(TASK BRIEF): Leaving out every picture, copy the lines of the material below exactly, from the line containing "this 600×400 image." through the line containing "this 640×480 image.".

(DATA TO USE):
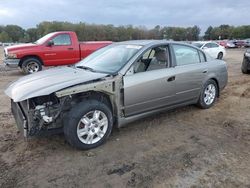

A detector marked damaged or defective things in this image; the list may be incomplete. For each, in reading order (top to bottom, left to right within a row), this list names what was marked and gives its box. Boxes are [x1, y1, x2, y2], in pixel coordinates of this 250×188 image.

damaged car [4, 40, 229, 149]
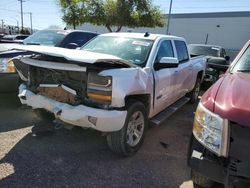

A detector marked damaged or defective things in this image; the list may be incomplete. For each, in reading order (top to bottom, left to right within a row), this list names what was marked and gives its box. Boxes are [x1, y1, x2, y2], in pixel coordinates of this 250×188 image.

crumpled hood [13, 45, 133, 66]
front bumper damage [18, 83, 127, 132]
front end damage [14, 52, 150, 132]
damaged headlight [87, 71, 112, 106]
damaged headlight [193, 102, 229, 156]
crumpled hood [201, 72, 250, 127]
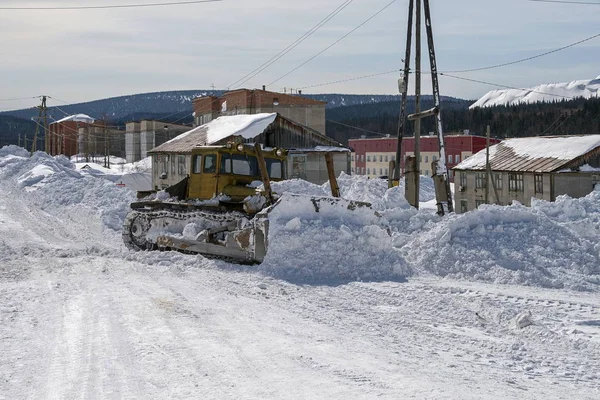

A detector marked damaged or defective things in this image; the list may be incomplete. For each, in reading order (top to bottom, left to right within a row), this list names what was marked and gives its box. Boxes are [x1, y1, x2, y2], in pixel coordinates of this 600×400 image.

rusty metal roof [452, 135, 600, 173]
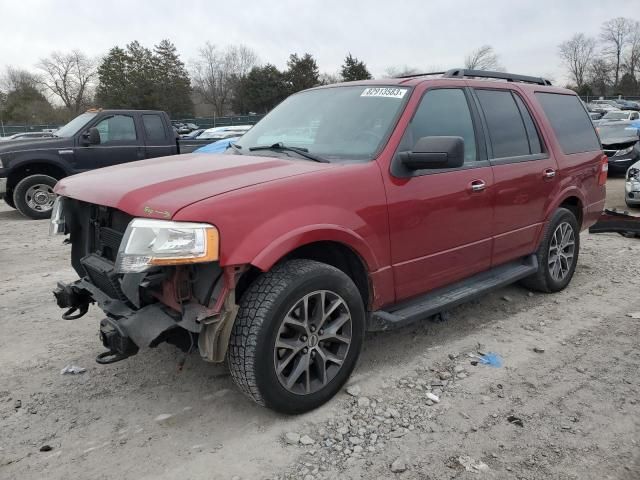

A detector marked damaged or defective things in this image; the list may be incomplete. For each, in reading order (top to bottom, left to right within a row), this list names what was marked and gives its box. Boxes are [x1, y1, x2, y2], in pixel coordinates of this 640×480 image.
...
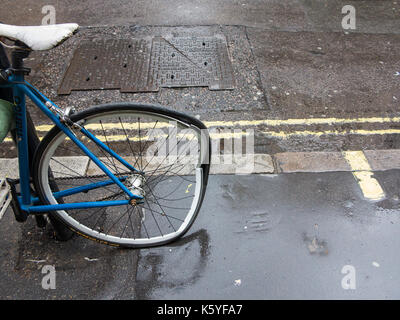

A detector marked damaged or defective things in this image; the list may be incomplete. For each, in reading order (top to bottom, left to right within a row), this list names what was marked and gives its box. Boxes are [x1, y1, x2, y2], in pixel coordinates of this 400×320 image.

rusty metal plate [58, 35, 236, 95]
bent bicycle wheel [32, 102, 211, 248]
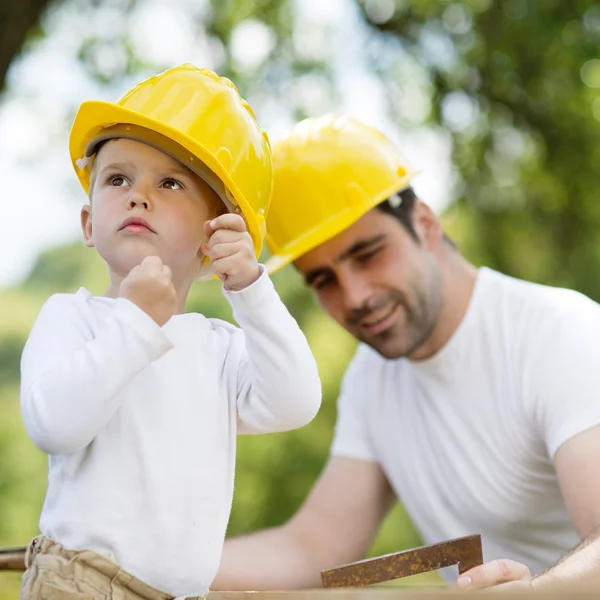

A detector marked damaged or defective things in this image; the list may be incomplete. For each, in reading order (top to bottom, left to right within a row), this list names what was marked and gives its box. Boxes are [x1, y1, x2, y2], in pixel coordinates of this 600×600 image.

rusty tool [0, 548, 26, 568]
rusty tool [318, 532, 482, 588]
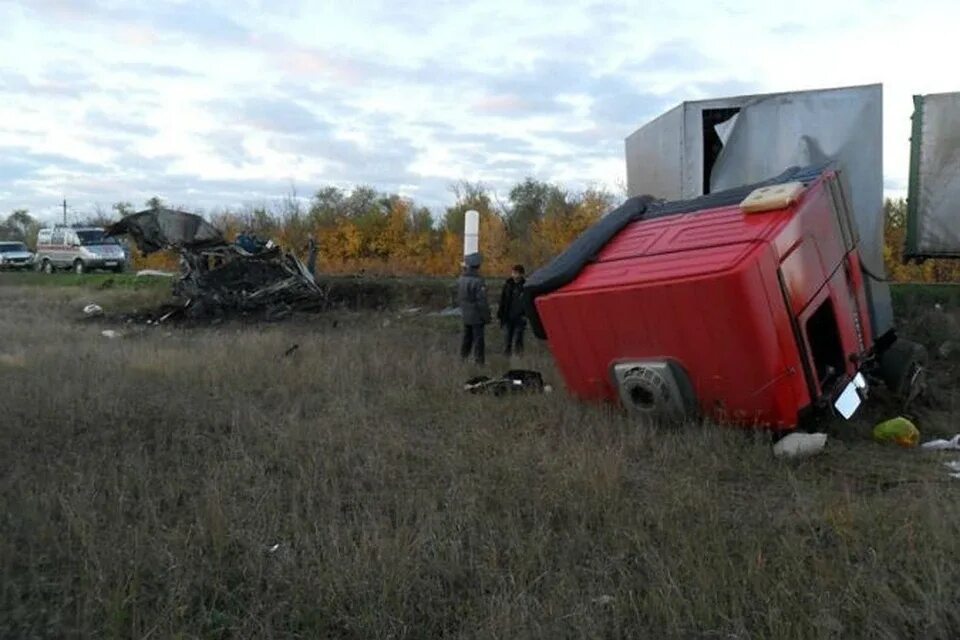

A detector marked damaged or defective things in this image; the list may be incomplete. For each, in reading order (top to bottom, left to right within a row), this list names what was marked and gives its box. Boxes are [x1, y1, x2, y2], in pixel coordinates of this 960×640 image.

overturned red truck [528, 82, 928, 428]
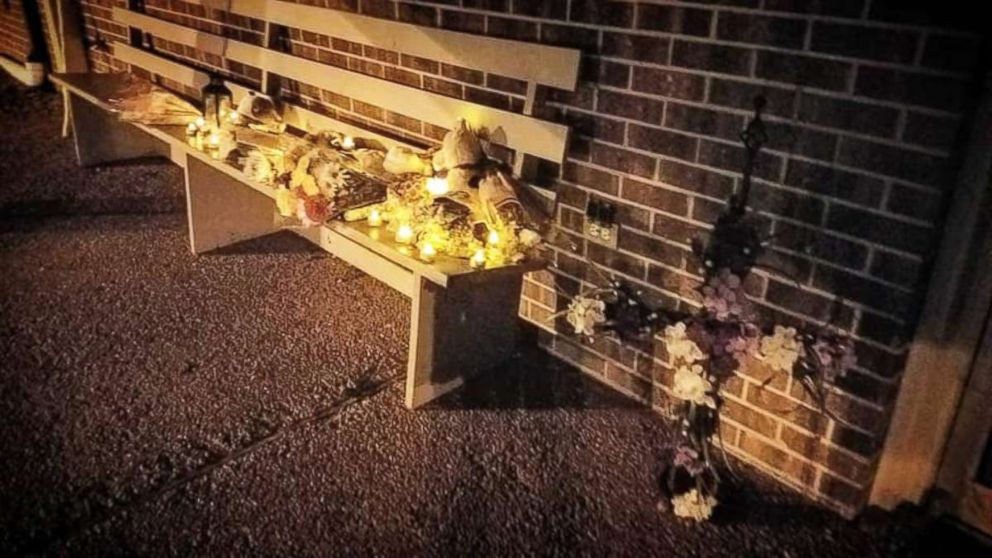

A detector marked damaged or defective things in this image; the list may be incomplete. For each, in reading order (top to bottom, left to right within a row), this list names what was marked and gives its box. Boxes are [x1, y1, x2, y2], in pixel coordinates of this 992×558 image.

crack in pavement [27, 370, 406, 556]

(RESPONSE TO THIS EXERCISE):
A detector marked damaged or defective things in this image; the list may be incomplete. For each, in reading order (top to bottom, left to right within a row), this list names what was marked and gives its box. Boxes are [x1, y1, x2, y2], in pixel coordinates of this 600×400 image.

rusty metal roof [452, 135, 600, 173]

A detector marked damaged or defective things in this image; the list may be incomplete. For each, in reading order (top to bottom, left to right within a row), this list names what was marked and gives its box. Boxes are [x1, y1, x2, y2], in pixel coordinates of this 640×480 image.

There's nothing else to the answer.